The primary objective of infrared thermography in maintenance is to confirm normal machinery operation and detect abnormal heat patterns indicative of inefficiency or defects.

This process gives asset managers a significant advantage in condition monitoring.

While infrared imagers are user-friendly, decoding the generated data requires a nuanced understanding of their operation, coupled with baseline knowledge of radiometry and heat transfer processes.

Inspecting mechanical equipment through infrared thermography reveals a wealth of insights, but effective interpretation necessitates a holistic comprehension of the technology for NDT Services

Types of Infrared Thermometers

Infrared thermometers, integral to contemporary temperature measurement, encompass various configurations tailored to specific applications.

These devices, which operate without direct contact, rely on a lens to focus infrared thermal radiation onto a detector, translating radiant energy into a color-coded signal.

Here are three common types of Infrared Thermometers:

1. Spot Infrared Thermometers (Pyrometers)

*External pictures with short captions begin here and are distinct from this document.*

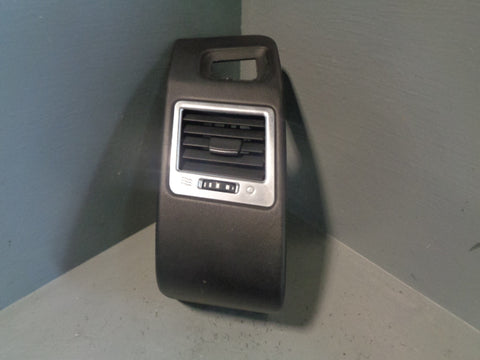 Range Rover Sport Air Vent Near Side Outer Dashboard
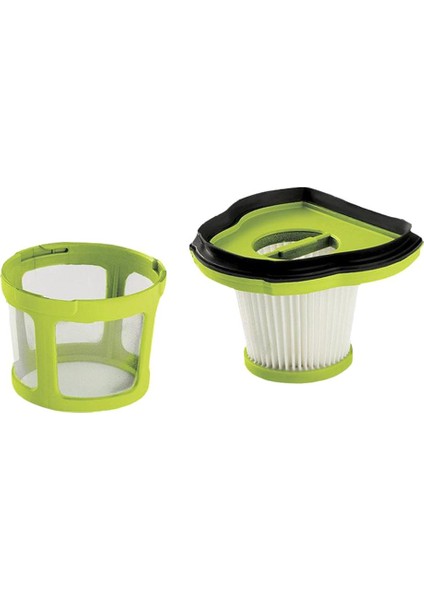 3 Paket Yıkanabilir ve Kullanımlık Hepa Filtre Pet Saç Vakum Değiştirme fiyatları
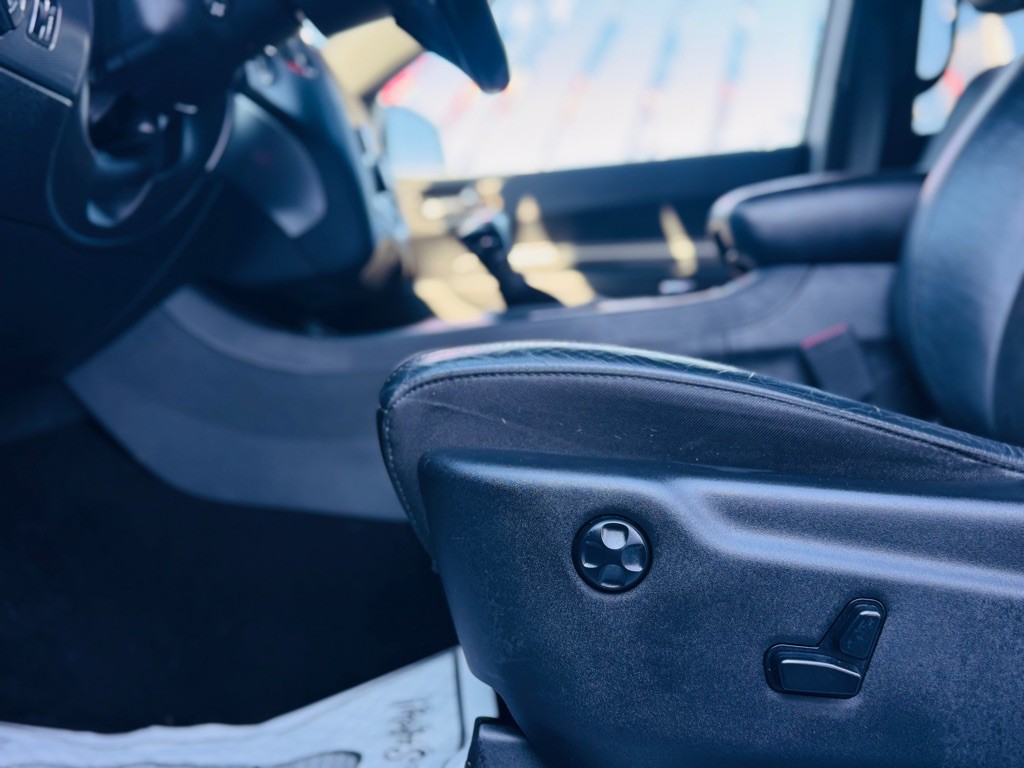 2020 Dodge Durango Image 21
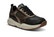 Xsensible SWX19 Lady (black kombi)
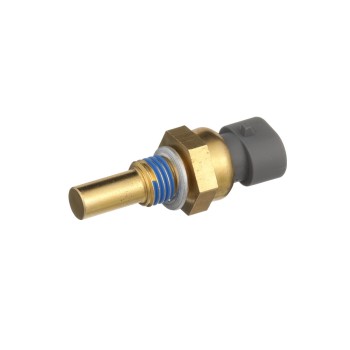 Engine Coolant Temperature Sensor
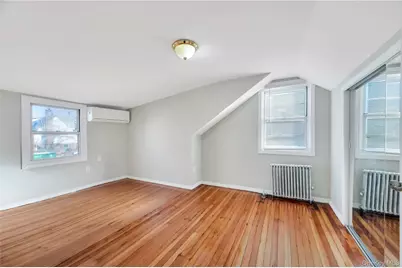 120-11 218th Street, Cambria Heights, NY 11411 - Photo 19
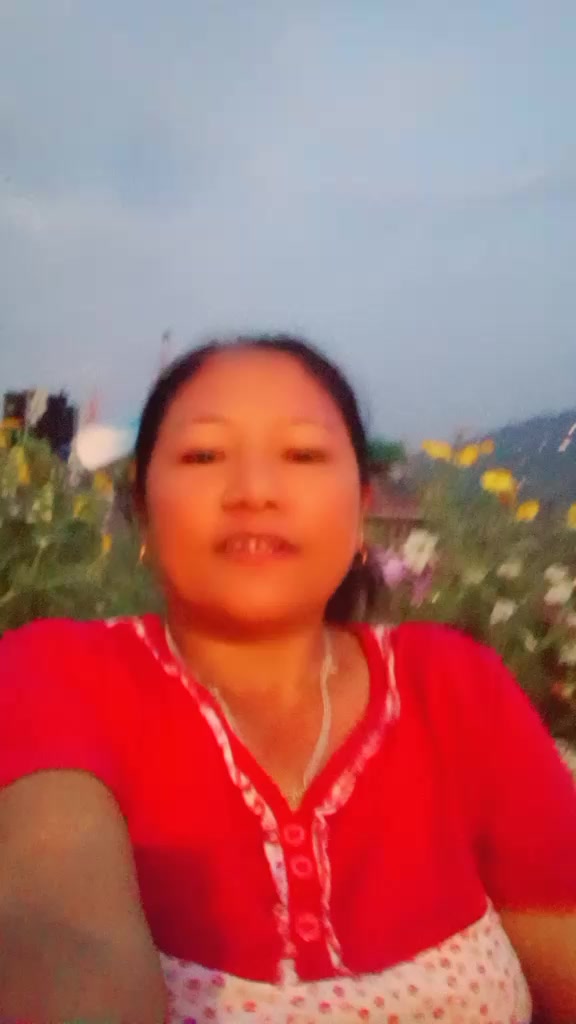 @Lok Kumari Thapa889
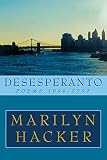 Desesperanto: Poems 1999-2002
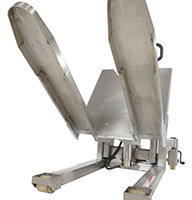 TM-22-M-SS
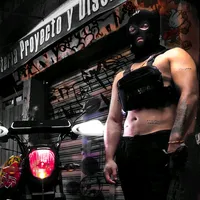 original sound - elkarpymiusyc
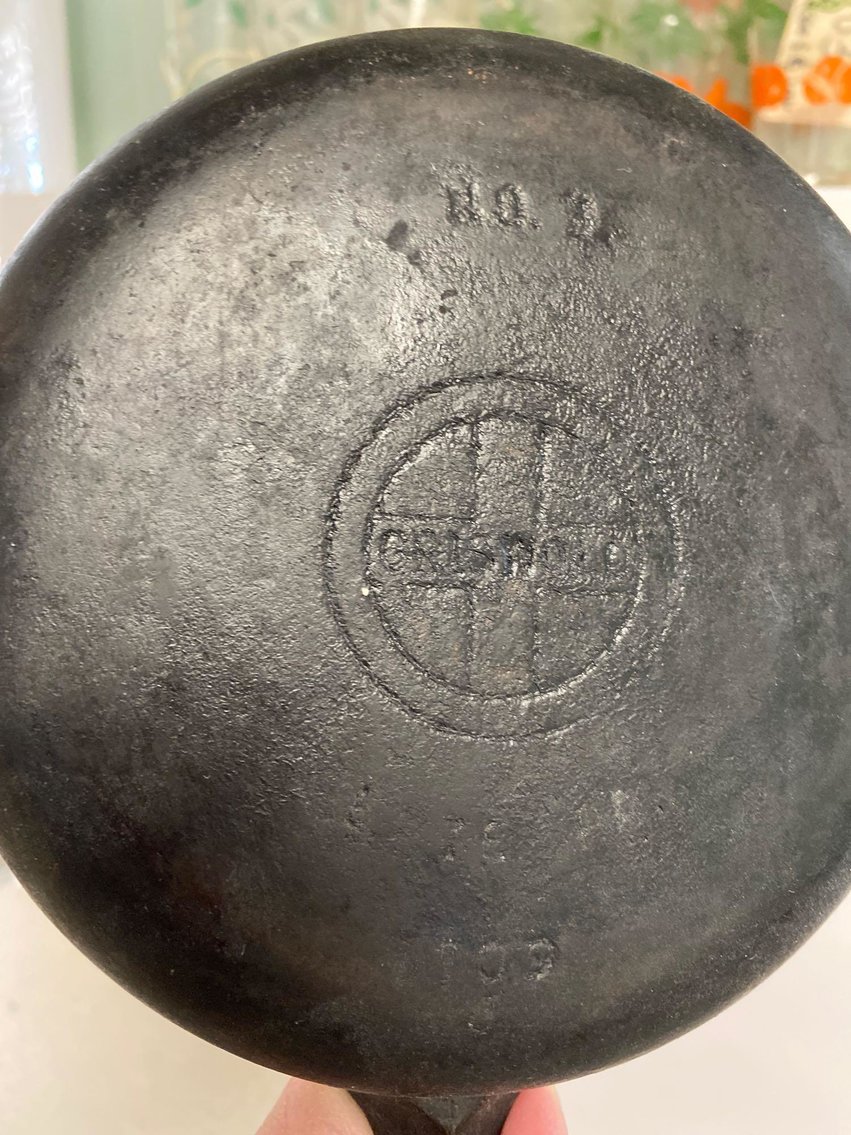 Image for Oakley Estate Personal Property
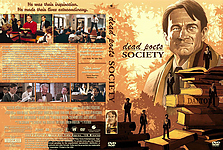 Filename=Dead_Poet_s_Society_v2.jpg
Filesize=2840KiB
Dimensions=3240x2175
Date added=Oct 07, 2024 Dead_Poet_s_Society_v2.jpg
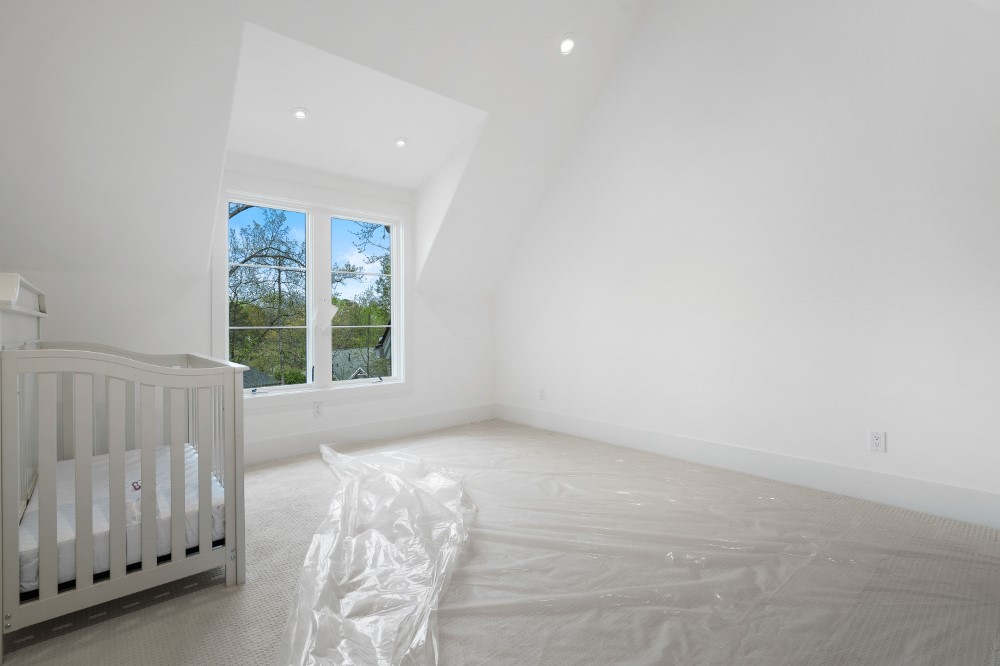 3302 Finistere Court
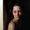De rouille et d'os, première photo officielle de Marion Cotillard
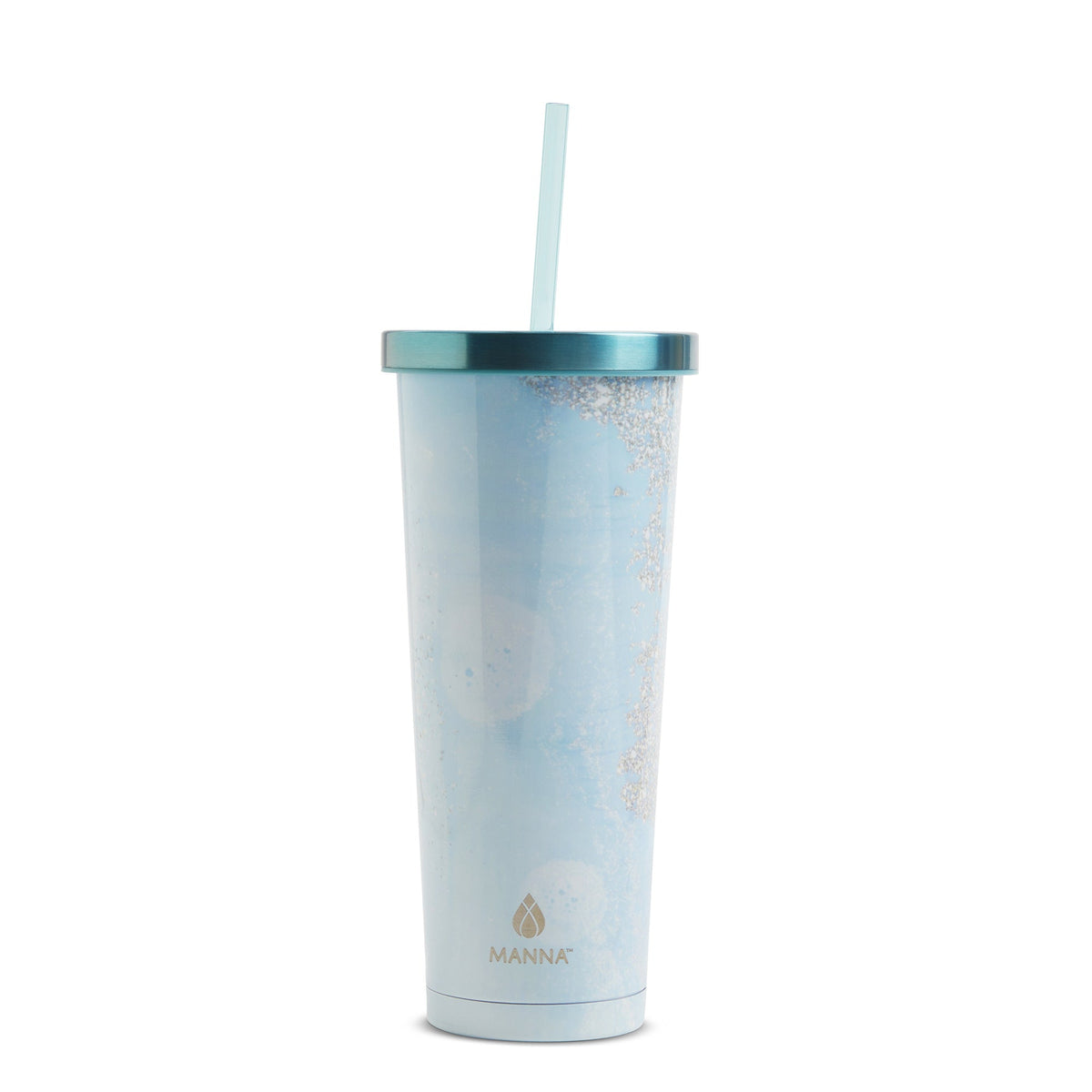 24-oz-marble-chilly-tumbler-n5 31858D_02.jpg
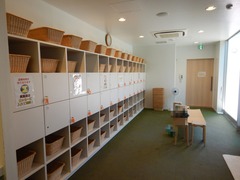 DSCN1189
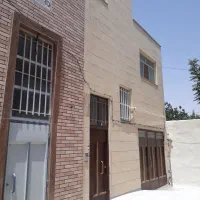 اجاره-منزل-دو-طبقه-ابتدای-شاهد-چمران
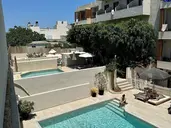 Indigo Inn Casa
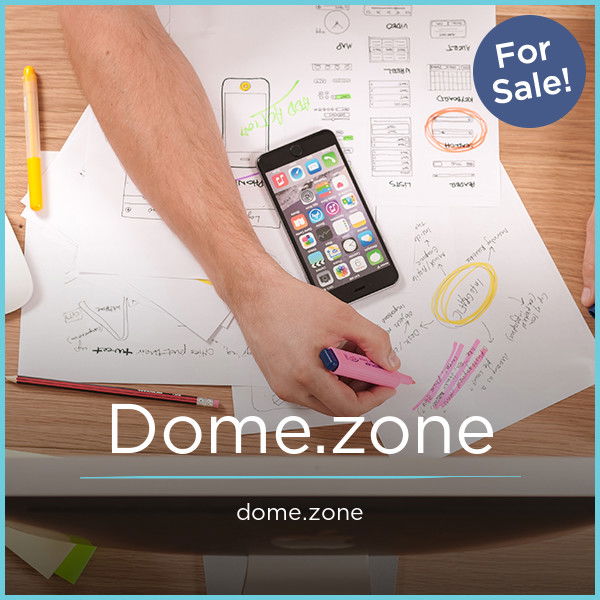 Dome.zone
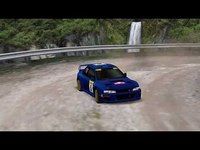 Pocket Rally LITE Pocket Rally LITE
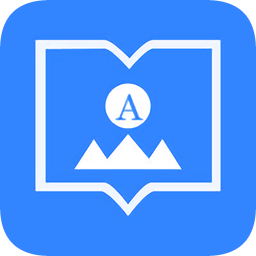 北京市教师开放型活动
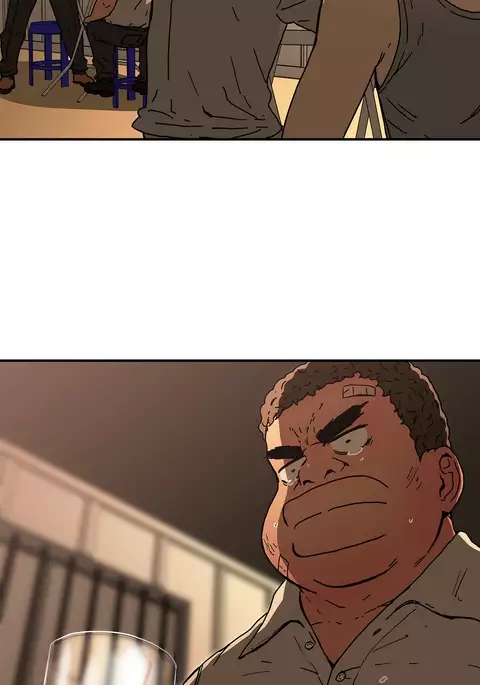 Refrain Love Ch.1-35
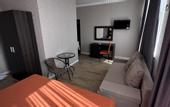 Туры в отель Ani Loo Hotel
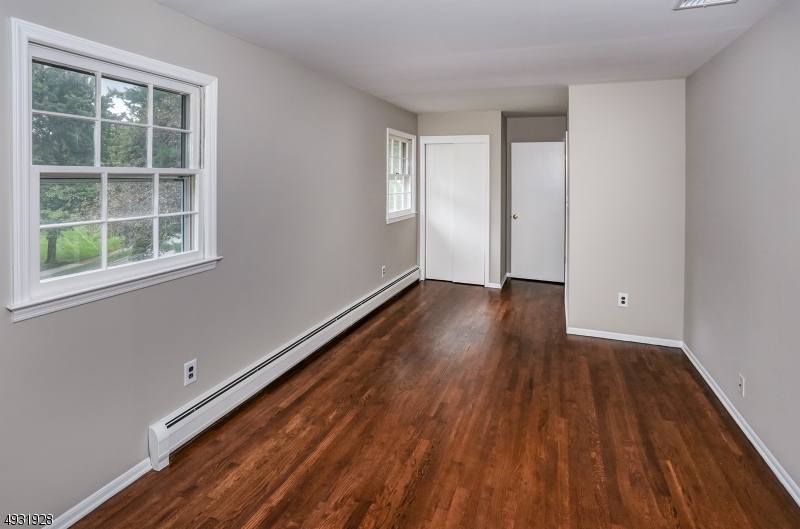 Intervale - Residential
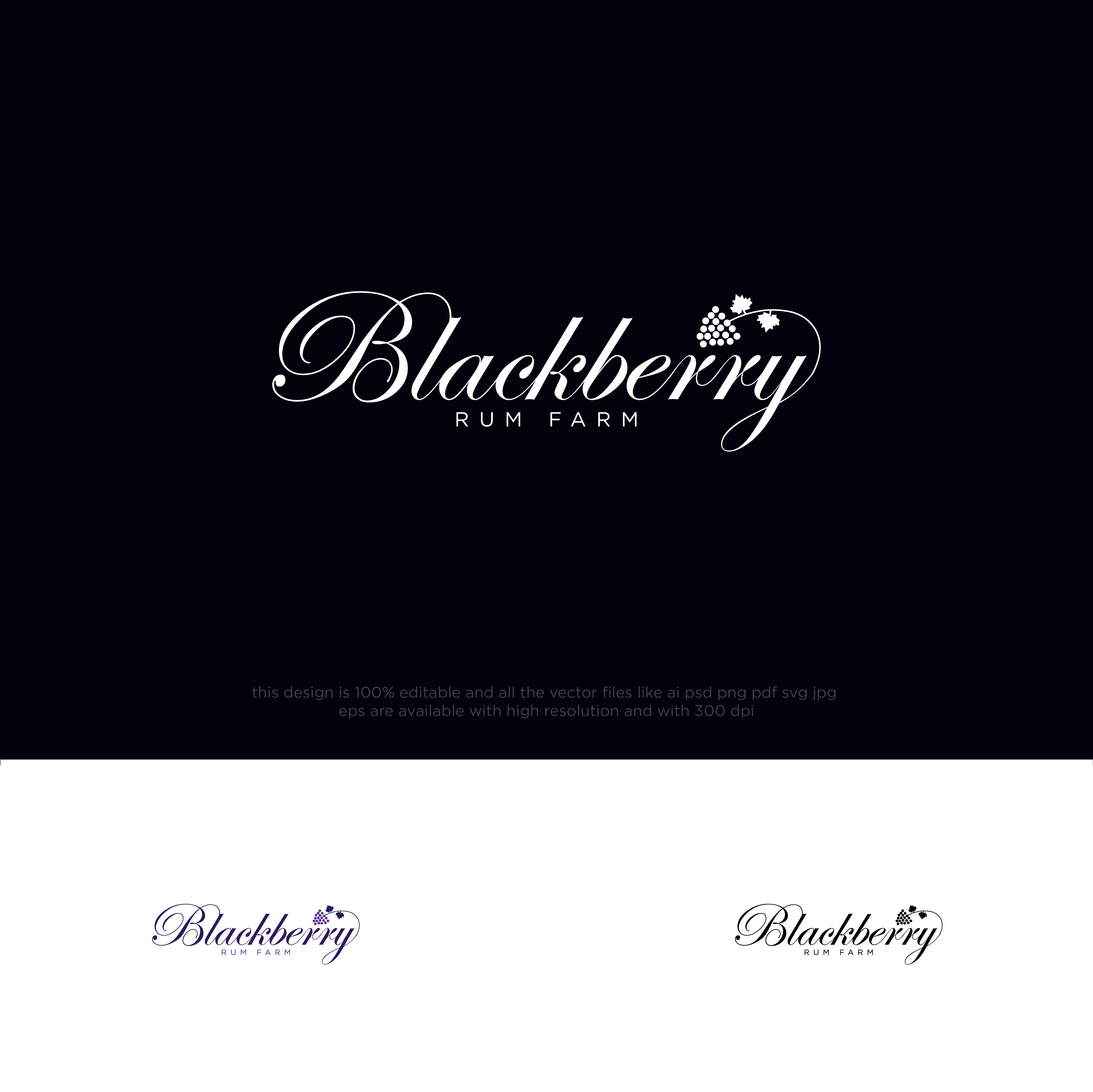 Logo-Design von chilliebird studio für dieses Projekt | Design #33688295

Resembling handheld radar guns, spot infrared thermometers precisely measure temperatures at specific points on a surface.

Ideal for hard-to-reach structures or those in extreme conditions, they find applications in HVAC diagnostics, bearing inspections, electrical room monitoring, and energy audits.

Parameters like field of view (FOV) and distance-to-spot ratio (D:S) ensure accurate measurements, with higher ratios indicating superior resolution.

2. Infrared Scanner Systems

Designed for Scanning larger areas, these systems prove beneficial in manufacturing plants with conveyors or web processes.

Common applications include scanning objects on conveyor belts or monitoring sheets of glass or metal leaving an oven.

3. Infrared Thermal-Imaging Cameras

Representing an advanced form of radiation Thermometers, thermal-imaging cameras measure temperatures across large areas, creating two-dimensional thermographic images.

These cameras are more software- and hardware-based than spot thermometers and offer real-time imaging.

They can be connected to specialized software for enhanced evaluation, accuracy, and report generation. 

Features such as multiple color palettes, fusion blending, and color alarms provide versatility in deciphering temperature differences.

Key considerations when choosing a Thermal-imaging Camera include detector resolution, thermal sensitivity, and temperature range.

Resolutions in the range 160x120, 320x240, and 640x480 pixels are commonly available.

Thermal sensitivity indicates the camera's ability to detect minimal temperature differences, while the temperature range specifies the minimum and maximum temperatures measurable.

In order to ensure the optimal performance of these Thermal-Imaging Cameras across diverse applications, detector resolution, and thermal sensitivity should be carefully controlled.

Characteristics of Infrared Thermography

Infrared Thermography equipment boasts distinctive features that set it apart as a technological marvel in temperature measurement.

It excels in capturing temperature distributions across surfaces, converting infrared radiation into visible information.

This transformative capability allows NDT Inspectors to visualize thermal patterns and detect anomalies imperceptible to the naked eye.

One of its key strengths lies in its non-contact nature, enabling temperature measurements from a distance.

By harnessing infrared radiation emitted by objects, Infrared Thermography eliminates the need for physical contact, ensuring safety and efficiency in applications ranging from industrial diagnostics to medical imaging.

Moreover, the real-time temperature measurement capability significantly enhances its utility.

In dynamic environments, where temperature variations are rapid and constant monitoring is imperative, Infrared Thermography provides instantaneous readings.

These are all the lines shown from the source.